┏━━
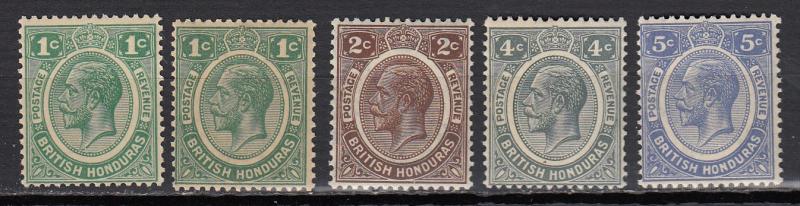 British Honduras - 1922/1929 KGV small stamp lot - (CV=$64,50) - MNH (2133)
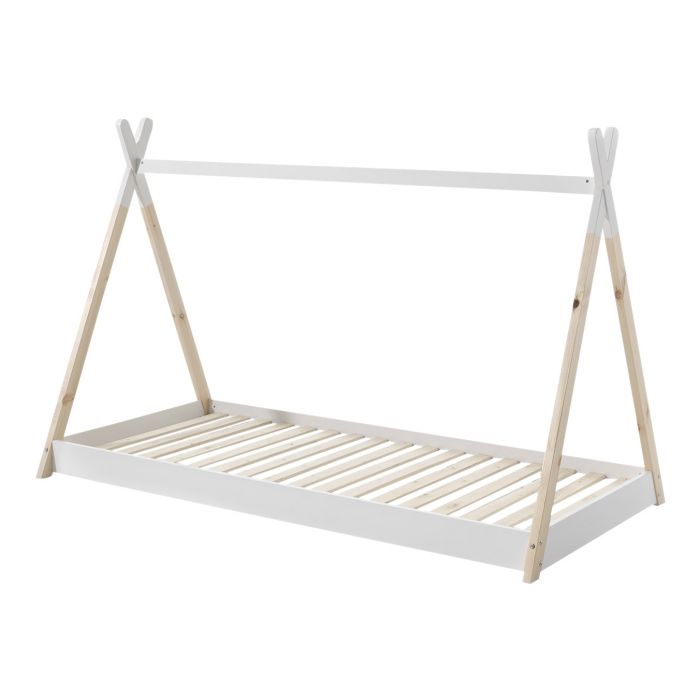 Tipi bed with drawer in natural wood - Jellybean 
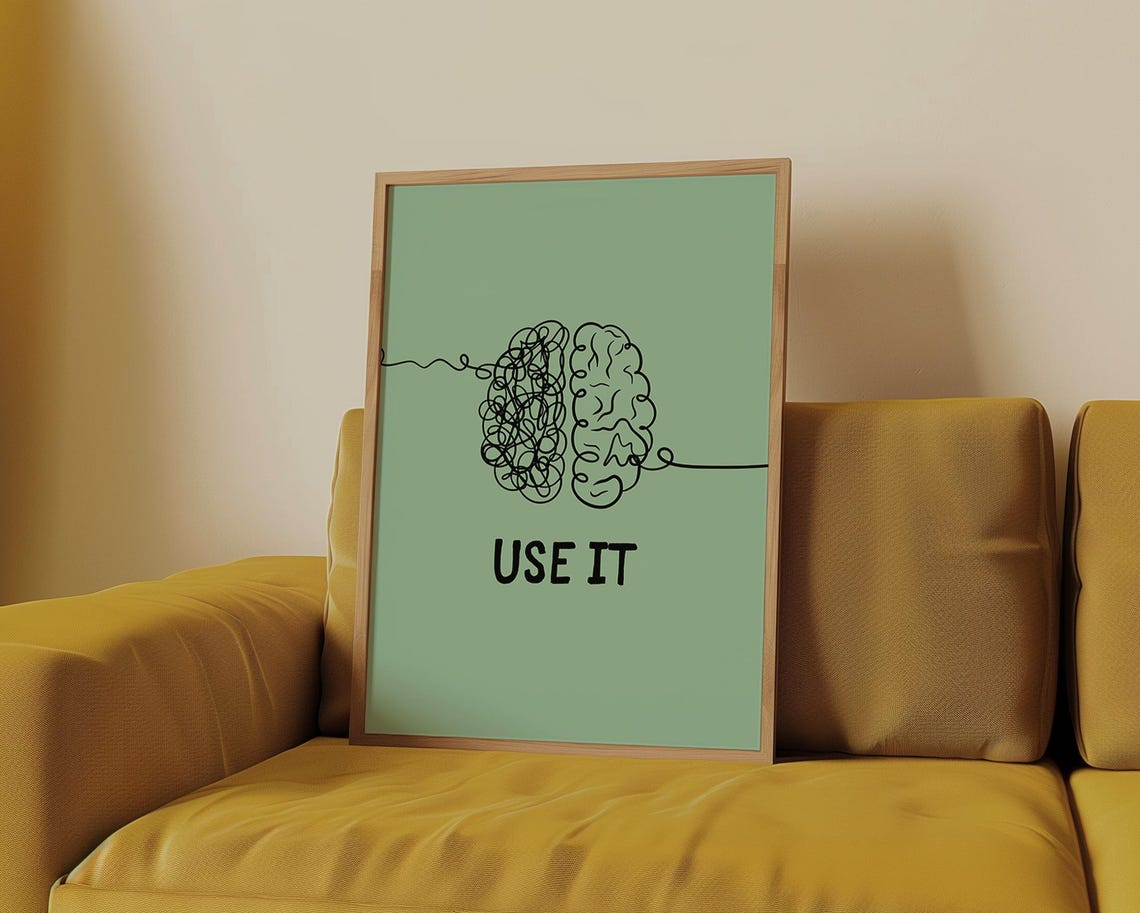 Use It Half Tangled Brain Line Drawing Sage Green Mental Health Poster - Image 4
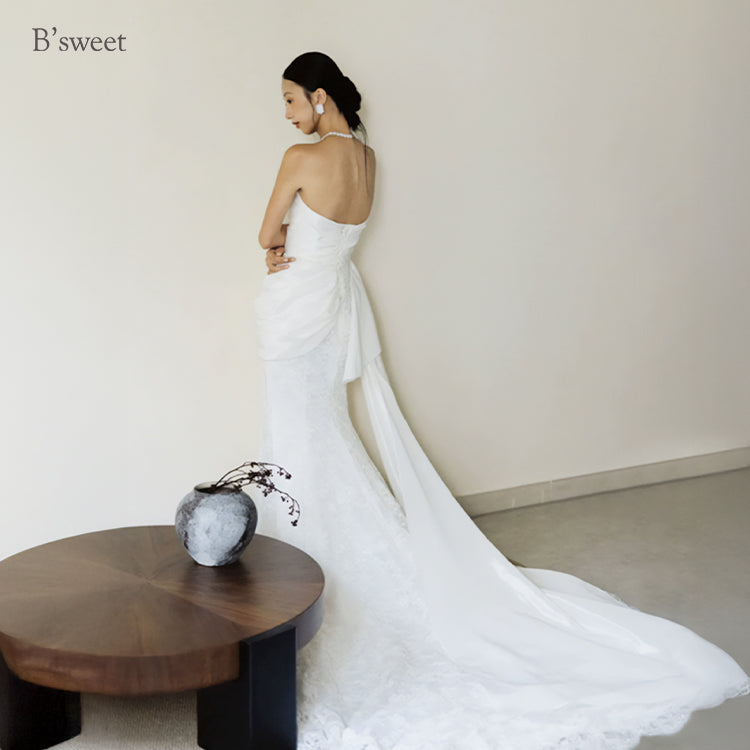 デザインビスチェロングトレーンドレス　スレンダーライン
┗━━
WHAT THE TASK REQUIRES –
Restate the full listing verbatim and drop every picture.

FINAL ANSWER –
 British Honduras - 1922/1929 KGV small stamp lot - (CV=$64,50) - MNH (2133)
 Tipi bed with drawer in natural wood - Jellybean 
 Use It Half Tangled Brain Line Drawing Sage Green Mental Health Poster - Image 4
 デザインビスチェロングトレーンドレス　スレンダーライン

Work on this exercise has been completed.